No. 23 – Hiroshima Dragonflies
- Position: Center
- League: B.League

Personal information
- Born: 1 September 1999 (age 26) Kingston, Jamaica
- Listed height: 7 ft 0 in (2.13 m)
- Listed weight: 293 lb (133 kg)

Career information
- High school: Christ the King (Middle Village, New York); Oak Hill Academy (Mouth of Wilson, Virginia);
- College: Illinois (2019–2022)
- NBA draft: 2022: undrafted
- Playing career: 2022–present

Career history
- 2022–2023: Niigata Albirex
- 2023–2025: Seoul Samsung Thunders
- 2025–present: Hiroshima Dragonflies

Career highlights
- Consensus first-team All-American (2022); Consensus second-team All-American (2021); 2× First-team All-Big Ten (2021, 2022); Big Ten Freshman of the Year (2020); 2× Nike Hoop Summit (2018, 2019);

= Kofi Cockburn =

Jamaican basketball player (born 1999)

Kofi Mazeze Cockburn (/ˈkoʊbɜːrn/ KOH-burn; born 1 September 1999) is a Jamaican professional basketball player for the Hiroshima Dragonflies of the Japanese B.League.

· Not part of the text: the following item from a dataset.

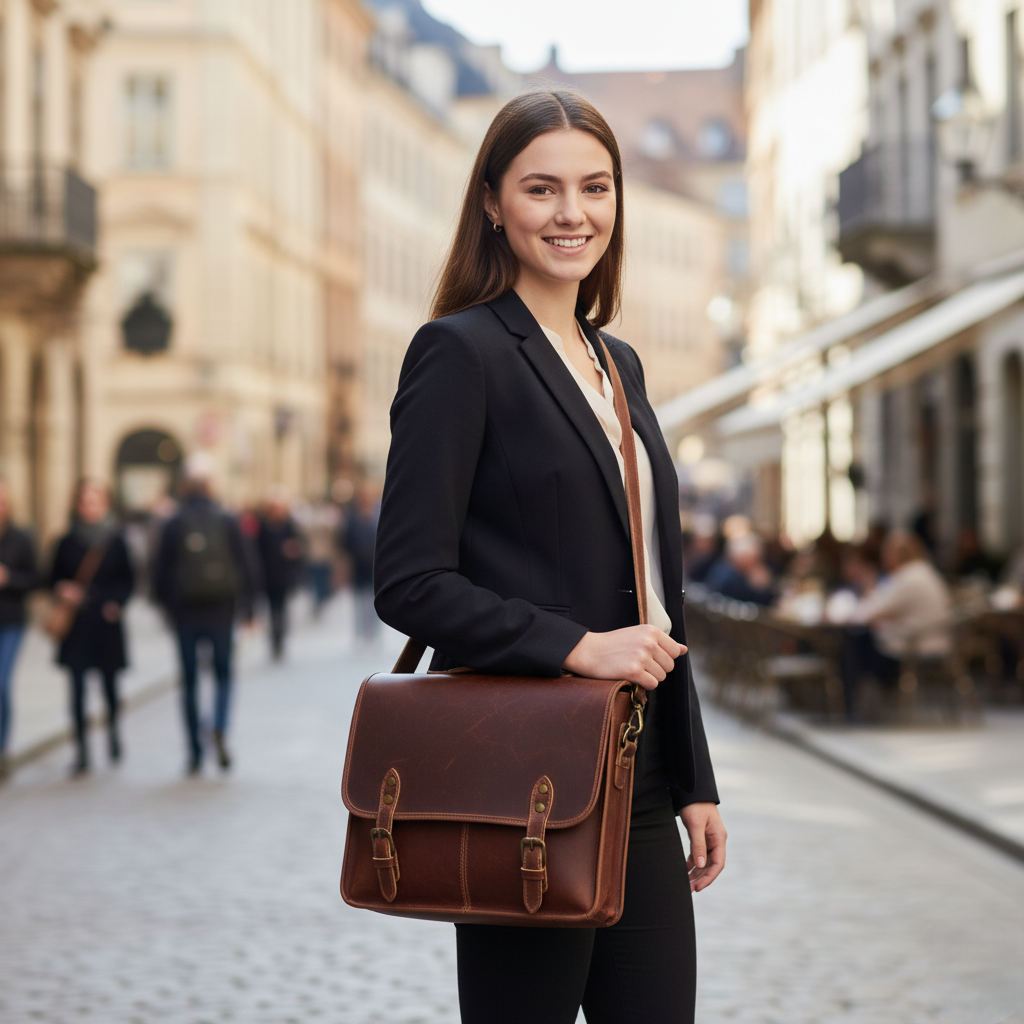 Why Your Leather Bag Color Fades — and How to Restore It?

He played college basketball for the Illinois Fighting Illini.

==Early life==
Cockburn was born in Kingston, Jamaica, and in 2014, moved to Queens, New York, to be with his mother, who had moved to Queens in 2009. In addition to his participation in basketball at a young age, Cockburn also played soccer, cricket, and ran in track and field.

==High school career==
Cockburn first enrolled in high school at St. Andrew Technical High in Kingston, Jamaica, then Christ the King Regional High School in Middle Village, New York. He played Amateur Athletic Union (AAU) basketball for the New York (NY) Rens, and was teammates with his future Illinois teammate Alan Griffin. During the summer of 2018 on the Nike Elite Youth Basketball League (EYBL) circuit with the NY Rens, Cockburn averaged 16.3 points and 10.3 rebounds per game, while shooting 53.9 percent from the field. Prior to his junior year, Cockburn was selected to participate in the 2017 Basketball Without Borders Americas camp that was held in Nassau, Bahamas. After his junior season, Cockburn was named to the World Team for the 2018 Nike Hoop Summit. For his senior season, Cockburn transferred to Oak Hill Academy in Mouth of Wilson, Virginia, where he was teammates with fellow five-star recruits Cole Anthony and Cameron Thomas.

===Recruiting===
Prior to his senior high school season at Oak Hill Academy, Cockburn held 26 scholarship offers and narrowed the list of schools he was considering to 12, which included Cincinnati, Florida State, Illinois, Kansas, Kentucky, LSU, Oregon, Pittsburgh, South Carolina, St. John's, Syracuse and UConn. Citing his relationship with Illinois assistant coach Orlando Antigua and the rest of the Illinois coaching staff, Cockburn committed to playing college basketball for Illinois on 6 January 2019. Cockburn was a consensus four-star recruit and was considered a top 50 player in the 2019 class.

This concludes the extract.